“All aptitude? No, Mrs. Scorbitt. But I would ask you to remember that since there have been people on this earth, and women consequently, there has never been discovered a feminine brain to which we owe a discovery in the domain of science analogous to the discoveries of Aristotle, Euclid, Kepler, or Laplace.”
“Is that a reason? Is it inevitable that the future should be as the past?”
“Hum! That which has not happened for thousands of years is not likely to happen.”
“Then we must resign ourselves to our fate, Mr. Maston. And as we are indeed good—”

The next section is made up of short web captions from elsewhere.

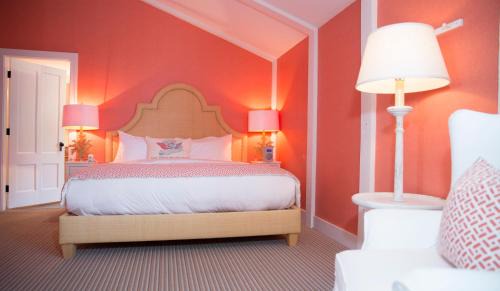 Kennebunkport Hôtel | The Tides Beach Club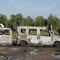 Assalto ad un portavalori tra Bitonto e Sovereto: chiusa la provinciale 231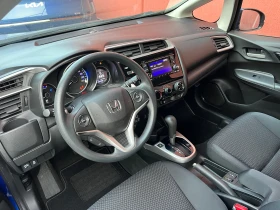 Honda Jazz 1.3i Automt, снимка 9
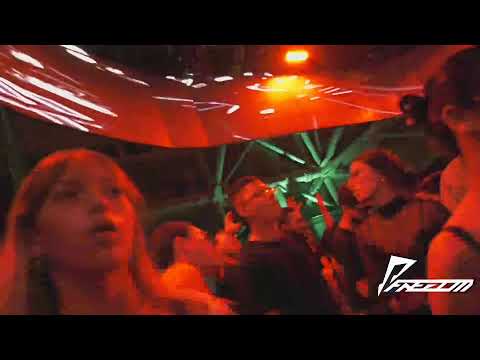 TERENCE FIXMER - FREEDOM 2024 LIVE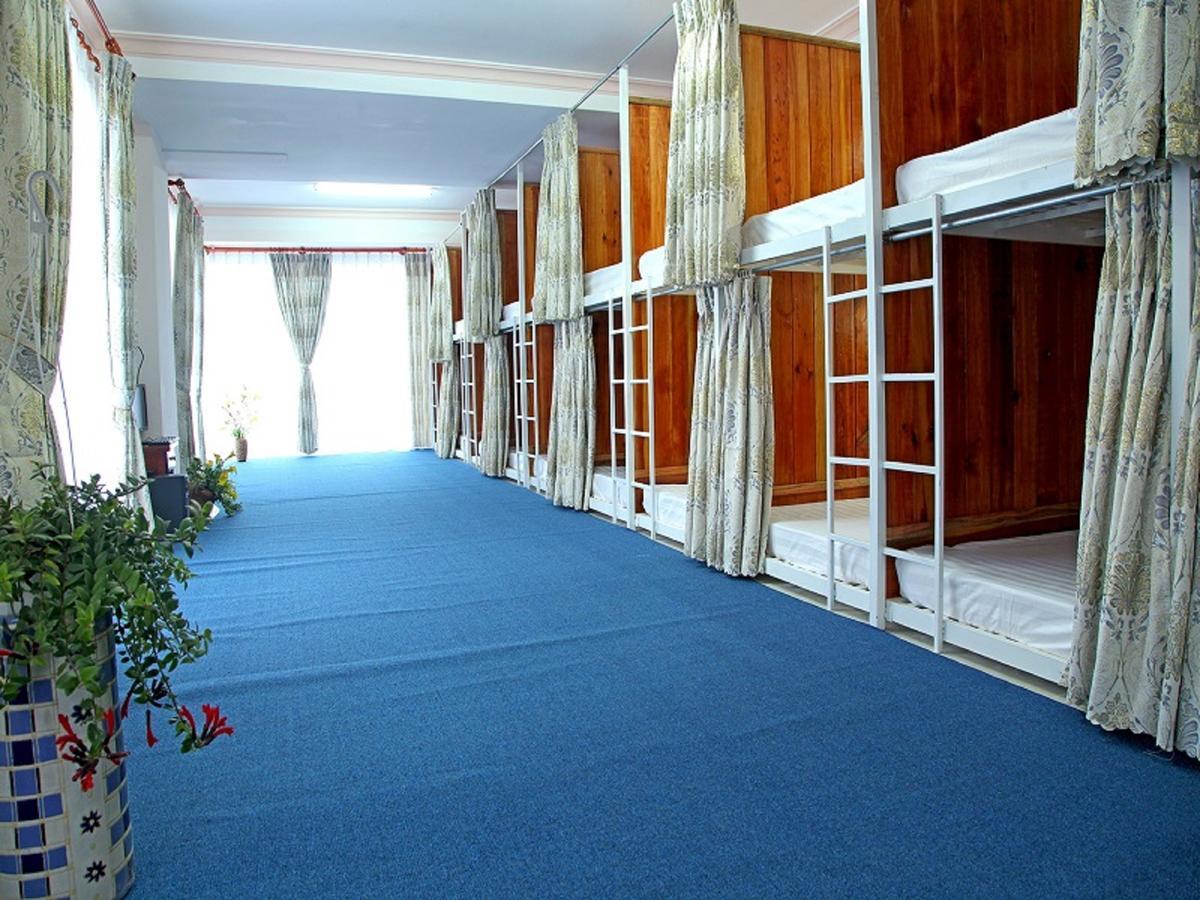 Gold Dream Hotel Νταλάτ Δωμάτιο φωτογραφία
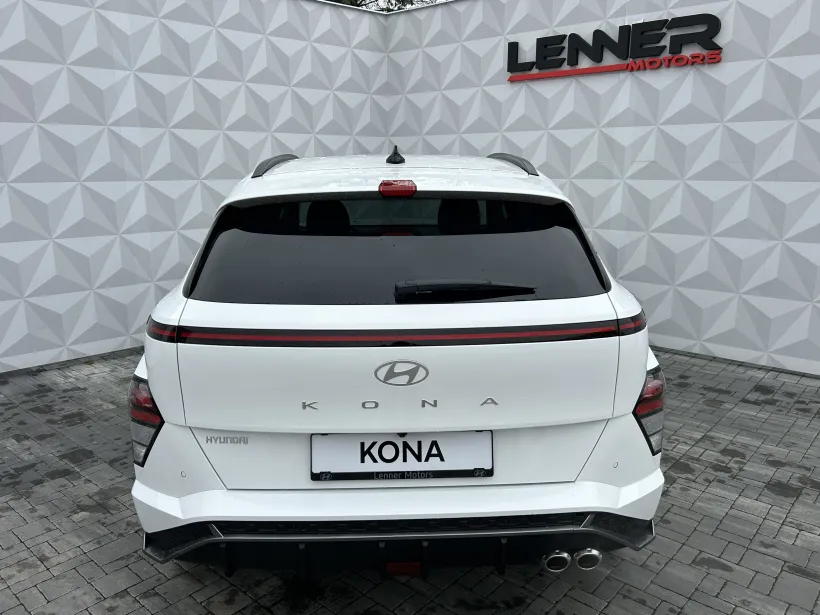 KONA 27 1,6 T-GDI 2WD DCT N LINE 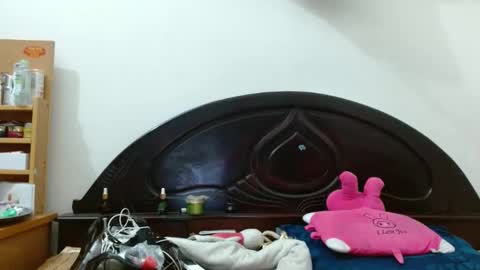 blowy079 online show from 04.18.26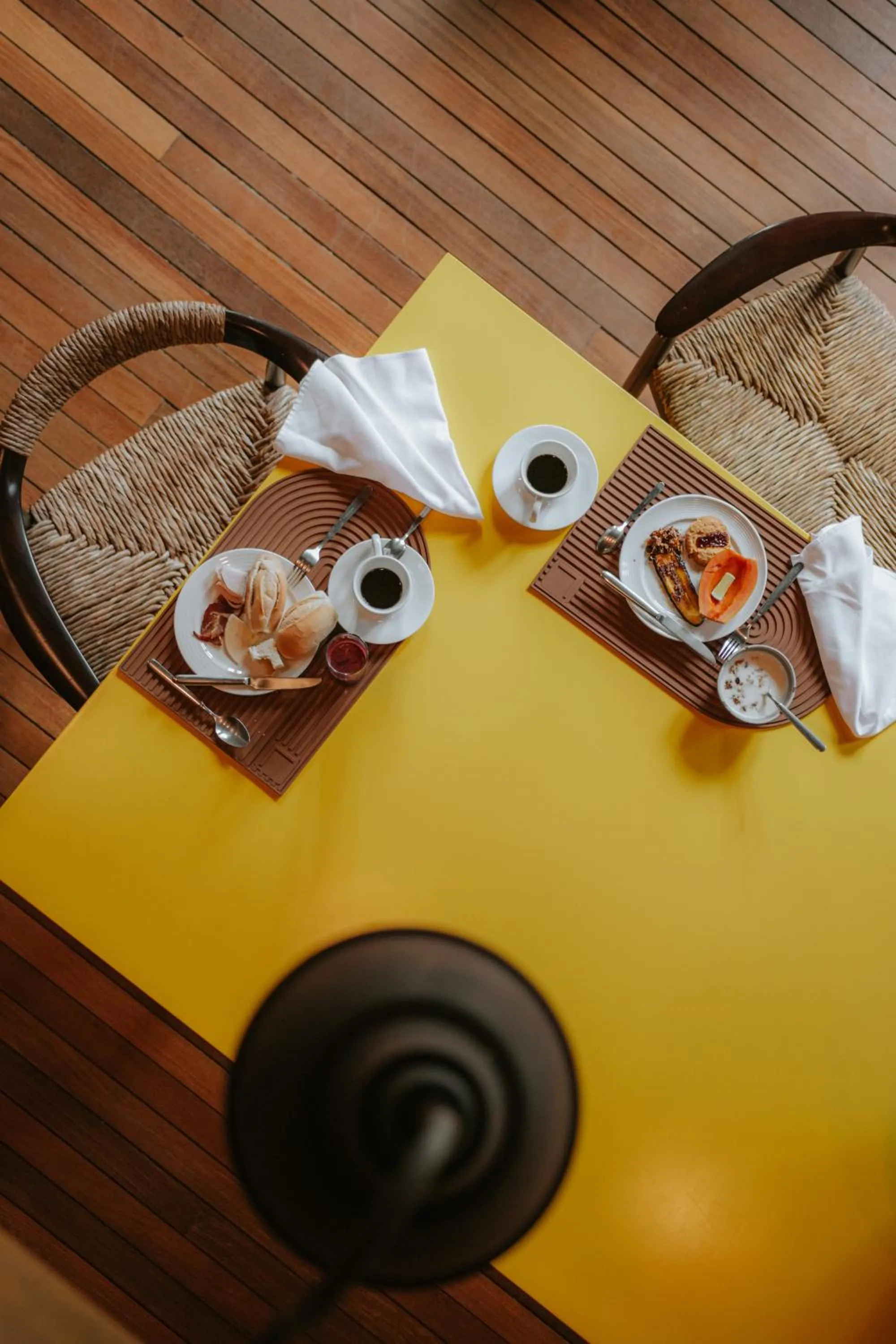 Pousada Literária de Paraty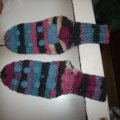 Kundenbild Sock-Stop - blau 100 ml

“And how good!” interrupted J. T. Maston, with all the amiable gallantry of which a philosopher crammed with x was capable.
Mrs. Scorbitt was quite ready to be convinced.
“Well, Mr. Maston,” she said, “each to his lot in this world. Remain the extraordinary mathematician that you are. Give yourself entirely to the problems of that immense enterprise to which you and your friends have devoted their lives! I will remain the good woman I ought to be, and assist you with the means.”
“For which you will have our eternal gratitude,” said J. T. Maston.
Mrs. Scorbitt blushed deliciously, for she felt, if not for philosophers in general, at least for J. T. Maston, a truly strange sympathy. Is not a woman’s heart unfathomable?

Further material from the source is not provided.